Records from a dataset

========================================

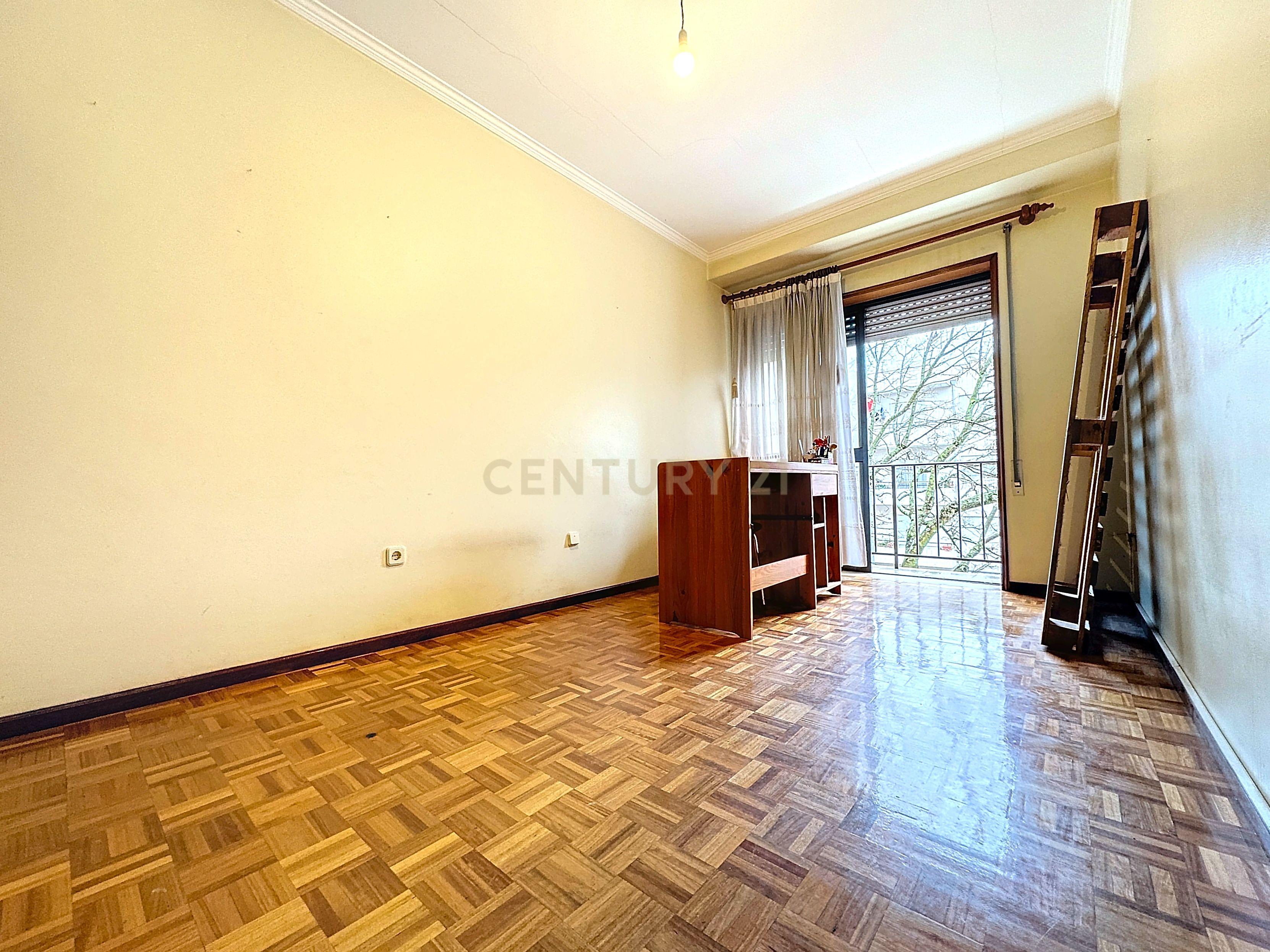 Apartamento T3 com varandas e lugar de garagem, na Póvoa de Varzim, Porto - Image 13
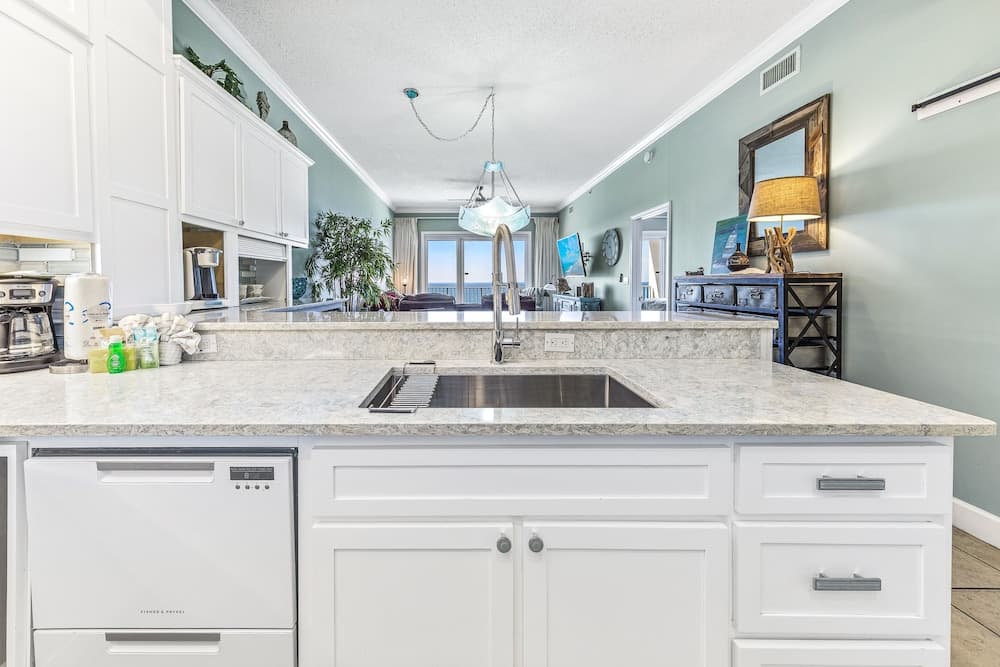 Windemere  Beachfront Condo 1503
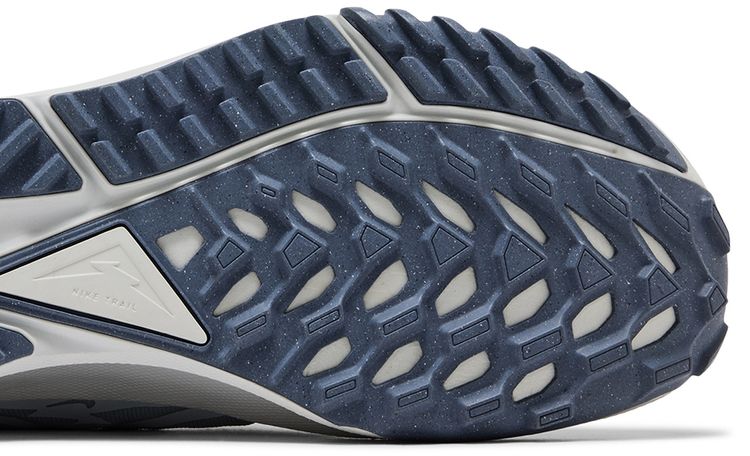 Nike React Pegasus Trail 4 Wolf Grey Saturn Gold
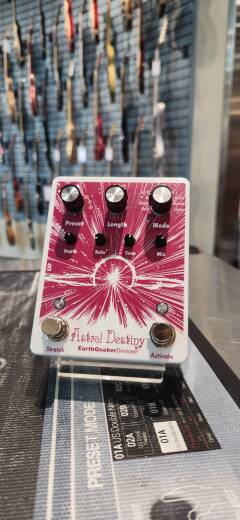 EarthQuaker Devices Astral Destiny Octave Reverb Pedal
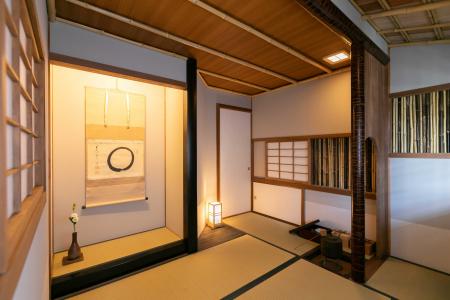 賃貸住宅の一室に“本格的な茶室”が出現。日々を忙しく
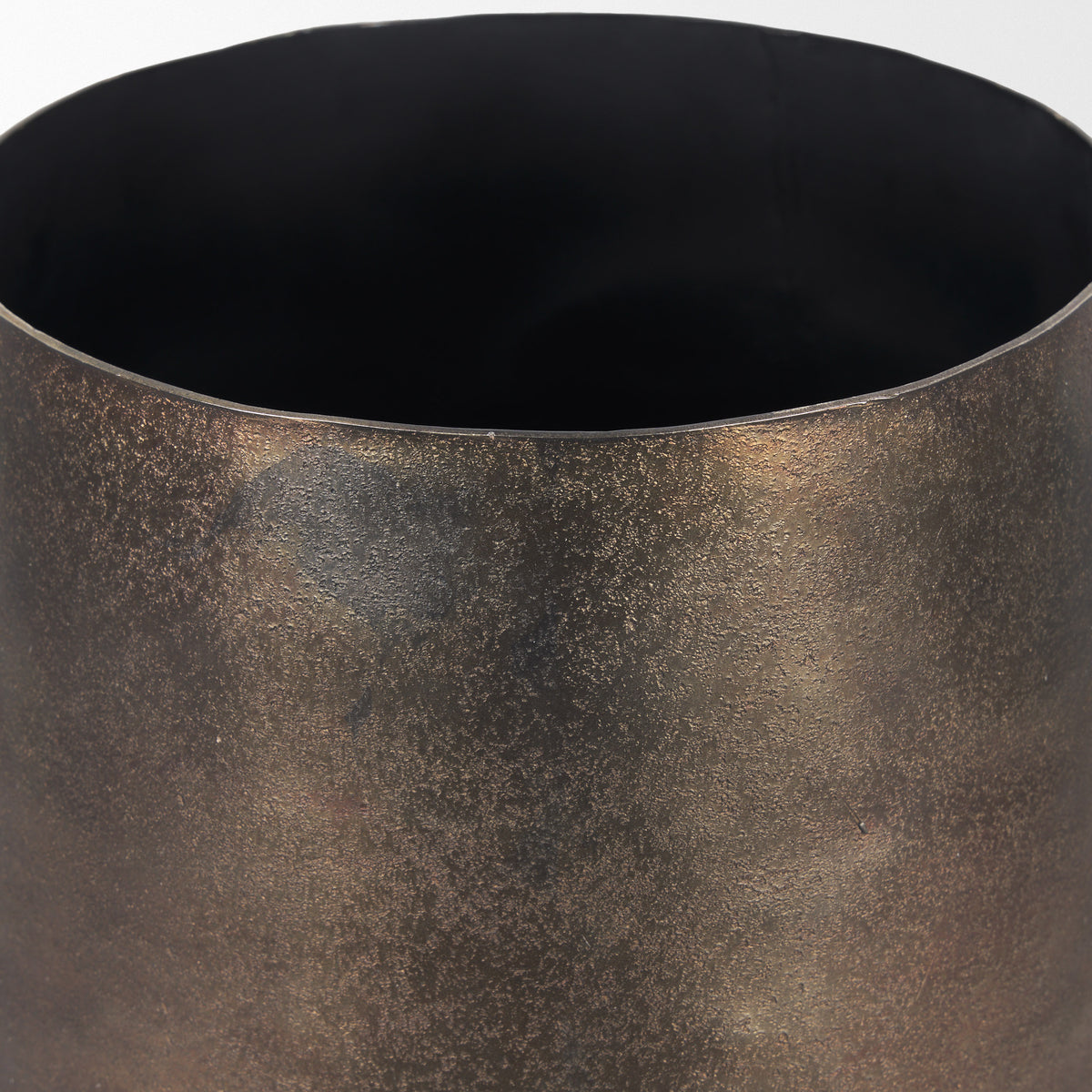 Quade Large Textured Gold Metal Planter-Vase-DECOROLALA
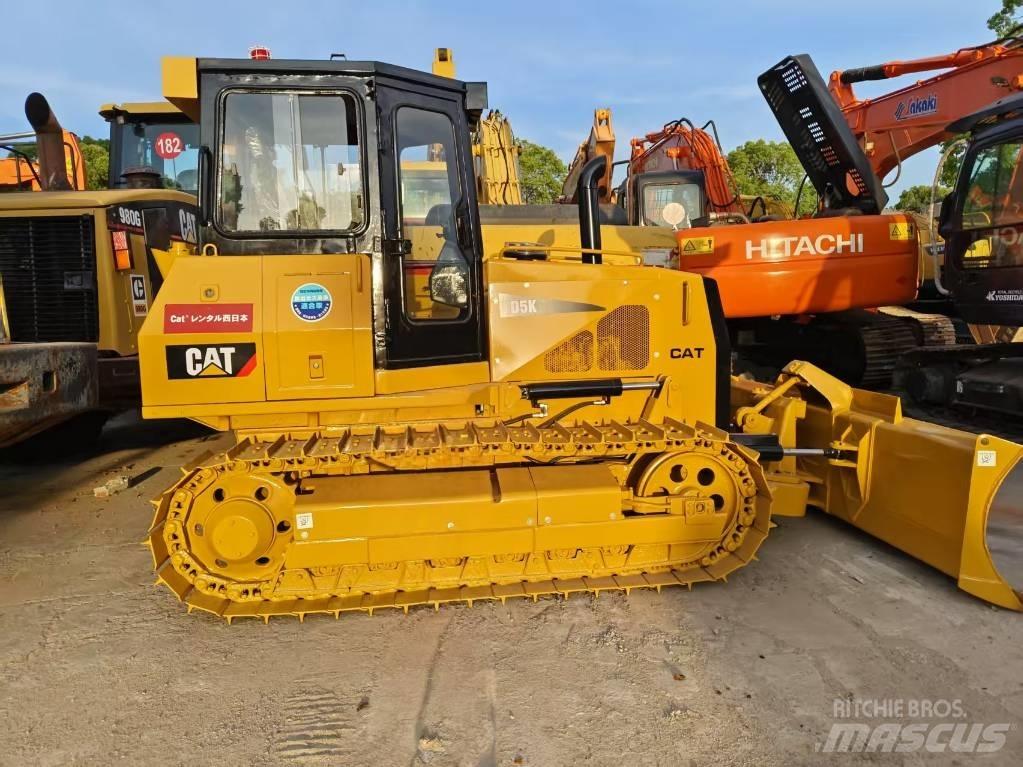 CAT D 5 K Гусеничные бульдозеры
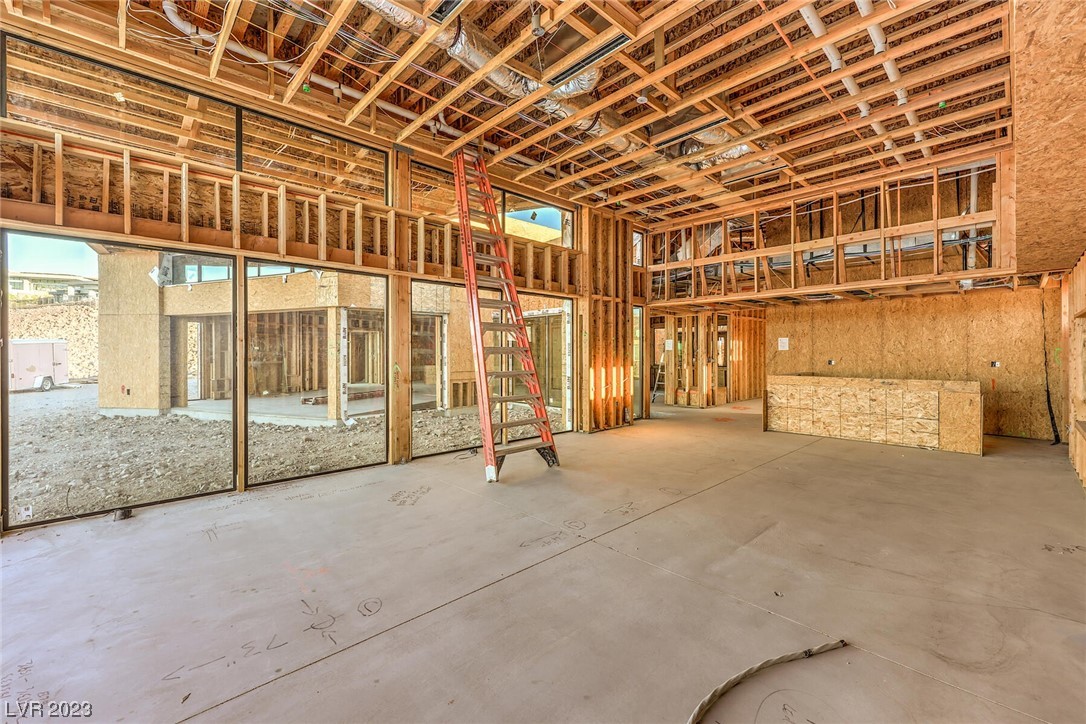 717 Dragon Peak Drive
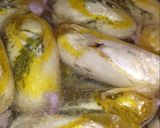 Foto del passaggio 2 della ricetta Soffice pollo con erbe aromatiche con salsa alla verza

========================================

[Exercise description] Write out a verbatim copy of the lines from the line that contains "Quade Large Textured" through the end of the entries above; pictures are not copied.

[Response box]
 Quade Large Textured Gold Metal Planter-Vase-DECOROLALA
 CAT D 5 K Гусеничные бульдозеры
 717 Dragon Peak Drive
 Foto del passaggio 2 della ricetta Soffice pollo con erbe aromatiche con salsa alla verza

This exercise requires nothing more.